Find the following definite integrals. $\int_{0}^{1.5} \lfloor x \rfloor dx$ $\int_{0}^{2.5} \lfloor x \rfloor dx$

Steps to Solve

1. Evaluate the first integral by splitting the interval

Since the floor function $\lfloor x \rfloor$ has different values over different intervals, we split the integral at integer points within the integration limits.

$$ \int_{0}^{1.5} \lfloor x \rfloor dx = \int_{0}^{1} \lfloor x \rfloor dx + \int_{1}^{1.5} \lfloor x \rfloor dx $$

2. Evaluate the floor function within each integral

For $0 \leq x < 1$, $\lfloor x \rfloor = 0$. For $1 \leq x < 1.5$, $\lfloor x \rfloor = 1$.
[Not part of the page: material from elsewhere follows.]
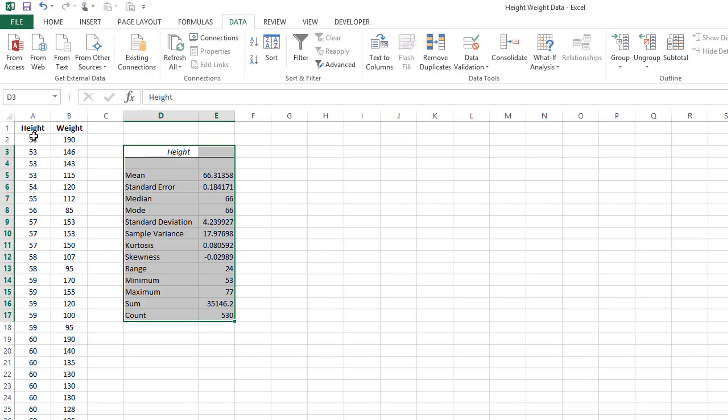The mean of the entire 531 scores in height, the standard error, the median, the mode, the standard deviation, a variety of other things. Some of which we'll use and some of which we won't.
3. Substitute the values of floor function and evaluate the integrals

$$ \int_{0}^{1} 0 , dx + \int_{1}^{1.5} 1 , dx = 0 + [x]_{1}^{1.5} = 1.5 - 1 = 0.5 $$

4. Evaluate the second integral by splitting the interval

Similarly, for the second integral:

$$ \int_{0}^{2.5} \lfloor x \rfloor dx = \int_{0}^{1} \lfloor x \rfloor dx + \int_{1}^{2} \lfloor x \rfloor dx + \int_{2}^{2.5} \lfloor x \rfloor dx $$

5. Evaluate the floor function within each integral

For $0 \leq x < 1$, $\lfloor x \rfloor = 0$. For $1 \leq x < 2$, $\lfloor x \rfloor = 1$. For $2 \leq x < 2.5$, $\lfloor x \rfloor = 2$.

6. Substitute the values of floor function and evaluate the integrals

$$ \int_{0}^{1} 0 , dx + \int_{1}^{2} 1 , dx + \int_{2}^{2.5} 2 , dx = 0 + [x]{1}^{2} + [2x]{2}^{2.5} = (2-1) + (2(2.5) - 2(2)) = 1 + (5-4) = 1 + 1 = 2 $$